Professional reviews of the phone were mixed, but the ultimate arbiters — consumers — decisively rejected it. At many companies, such an expensive and high-profile stumble would prompt endless analysis, a deflated stock and perhaps even questions about whether management was up to the task.
But Amazon is not like other companies.
Amazon’s shares have not suffered much, if at all, from the Fire’s failure. Nor is the phone likely to dominate analysts’ questions when Amazon releases its third-quarter earnings Thursday afternoon.
The phone is in the past, and Amazon is above all a story about the future, about the glorious moment when the e-commerce giant will sell everything, whether electronic or digital, to everybody. And so the focus in the earnings report will be on Amazon’s huge investments in trying to make that moment come true.
In this scenario, Amazon will commission TV series and beam them to you to watch on Amazon devices, as you nibble on popcorn delivered by Amazon drones while choosing your next vacation from the Amazon ad network.
Building an Amazon-centric world takes money, lots of it. The company announced over the summer that it would invest $2 billion in India’s fledging e-commerce market. And it paid $1 billion in cash for Twitch, a game-streaming site that did not exist three years ago.

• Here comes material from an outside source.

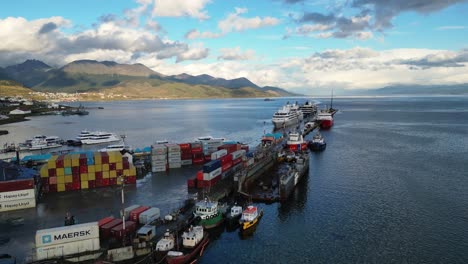 Luftdrohne-Fliegt-über-Dem-Seehafen-In-Ushuaia,-Argentinien.-Schiffe-Angedockte-Container-Im-Wassertransport,-Antarktische-Navigationsroute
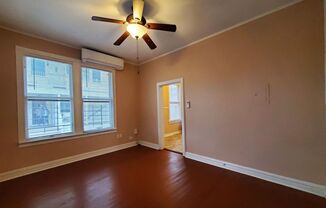 1 bed, 1 bath, 636 sqft, $950, Unit 2 (L)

Even with Amazon likely to hit $100 billion a year in revenue in 2015, it is not throwing off all the cash it needs. Last month the company revealed it had taken out a $2 billion line of credit with Bank of America for “working capital, capital expenditures, acquisitions and other corporate purposes.”

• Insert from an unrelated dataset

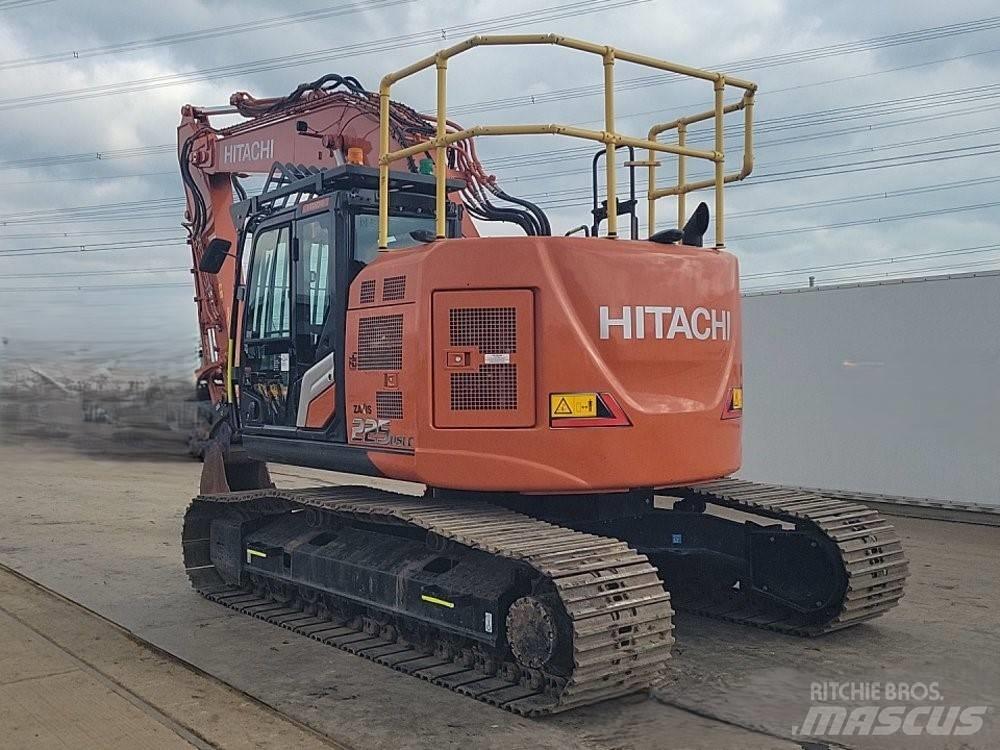 Hitachi ZX225USLC-7 Pelle sur chenilles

Meanwhile, losses are mounting. Three months ago, analysts thought the company would lose 7 cents a share in the third quarter. Then, after Amazon ratcheted down expectations, the estimated loss swelled tenfold, to 74 cents.
It is getting to be a familiar story. The last time Amazon made a profit in the third quarter was in 2011.

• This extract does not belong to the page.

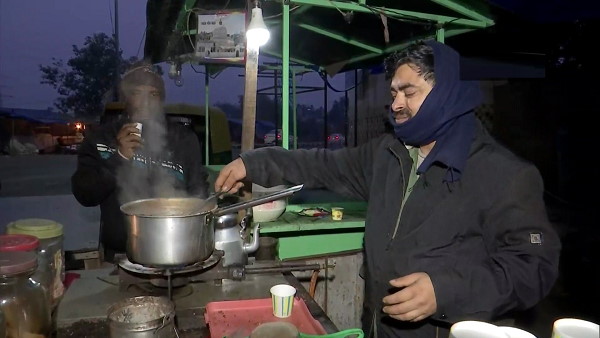 दिल्ली में कड़ाके की ठंड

Other media companies look at Amazon with a certain wonderment. “My report card is based on profits,” the CBS chief Les Moonves said at a conference last summer. “I think Jeff Bezos has a much easier way of life than I do.”
Analysts are generally enthusiastic. Cowen and Company said this week that it expected Amazon to lose “only” 57 cents a share. Colin Gillis of BGC Partners, usually somewhat skeptical of Amazon, issued an upbeat note that focused on the potential of the company to use its various hardware for an advertising network.
“We are actually mildly positive on the potential of the current investment cycle as Amazon builds an ecosystem with its Kindle readers (success), tablets (mild success), App store (mild success), Fire TV (limited traction but a good product) and phone (failure, priced too high and limited distribution),” Mr. Gillis wrote. He noted that the retailer knows where its tens of millions of customers live, what they like and how they consume.
Michael Pachter of Wedbush Securities was a mild dissenter, citing “a variety of customer experience enhancements” that will soak up potential profits. These enhancements include a streaming music service recently introduced by Amazon. It is free for Amazon Prime shipping members.
Content spending on video and music will total $2 billion this year and $2.5 billion next year, Mr. Pachter wrote.
Free things make enrolling in Prime more attractive, and that inspires people to buy more, which is how Amazon is really expected to make money. But not soon. Analysts see a loss for 2014 before a profit of $1.91 a share in 2015, according to Yahoo Finance.
Unless there are unexpected bumps. Amazon, in keeping with its usual reticence, does not break out numbers for Amazon Web Services, its cloud service. Instead it lumps it into a category called “other.”
For the last two quarters, “other” growth abruptly leveled off. Amazon was the pioneer in cloud computing, but it faces increased competition from Google and Microsoft, both of which have deeper pockets. Microsoft said its commercial cloud revenue has doubled year-over-year for the last four quarters.
Amazon stressed in a news release in July that it was frantically hiring for Amazon Web Services, “allowing the team to innovate at an accelerating pace.”
The Fire phone will need some serious innovation to become even an acceptable product. A marketing survey of 500 Amazon customers in the third quarter could not find any who reported owning a Fire. Meanwhile, the majority of the reviews on Amazon’s own site give the Fire the lowest possible rating.
A $200 price cut last month briefly pushed it up on Amazon’s list of top-selling electronics, but it quickly fell off again.
Authored by David Steitfeld via nytimes.com.
Correction: October 23, 2014
An earlier version of this article misstated the cash price that Amazon paid for the game-streaming site Twitch. Amazon paid $1 billion in cash for Twitch, not $1.1 billion in cash ($1.1 billion was the total value of the deal).